Tracking the DIY phenomenon Part 2: Mass customization, mashups, and recombinant Web apps, by Dion Hinchcliffe

Images and text source: ZDnet

February 25th, 2007

In my  last post, I took a look at the recent proliferation of Web widgets, which are modular content and services that are making it easier for anyone to help themselves to the vast pool of high value functionality and information that resides on the Web today.  Companies are actively “widgetizing” their online offerings so that it can actively be repurposed into other sites and online products.  And as we discussed in the last post, it’s believed that letting users innovate with your online offerings by letting embedding them in their own Web sites, blogs, and applications can greatly broaden distribution and reach, leverage rapid viral propagation over the Internet, and fully exploit the raw creativity that theoretically lies in great quantities on the edge of our networks.

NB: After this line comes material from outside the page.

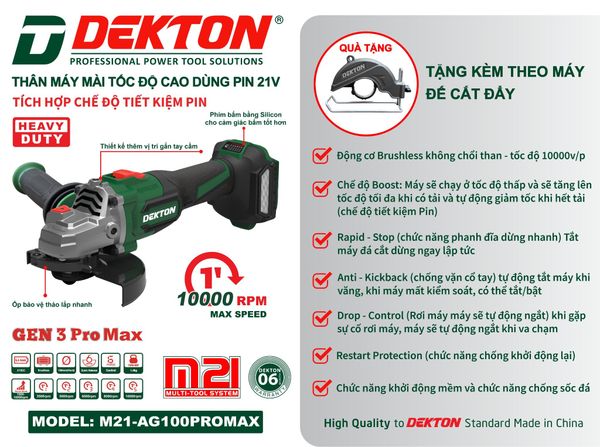DEKTON Thân máy mài pin 21V  M21-AG100PROMAX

DIY on the Web is looking to be a major trend; Newsweek recently speculated that 2007 will be the Year of the Widget.

Looked at this way, letting thousands and even millions of users build Web sites and apps out of your Web parts and then monetizing it with advertising, usage fees, or subscriptions sounds great in the abstract.  But one of the big outstanding questions is if widgitizing is mostly useful for gaining fast user adoption and market share, and not for building the fundamentals of a viable, long-term business online.  While this last question is still very much an open one, part of the answer will come from the way that the consumption side of DIY develops.  The question is this: Are environments emerging that will enable rich and sophisticated DIY scenarios that are usable by most people?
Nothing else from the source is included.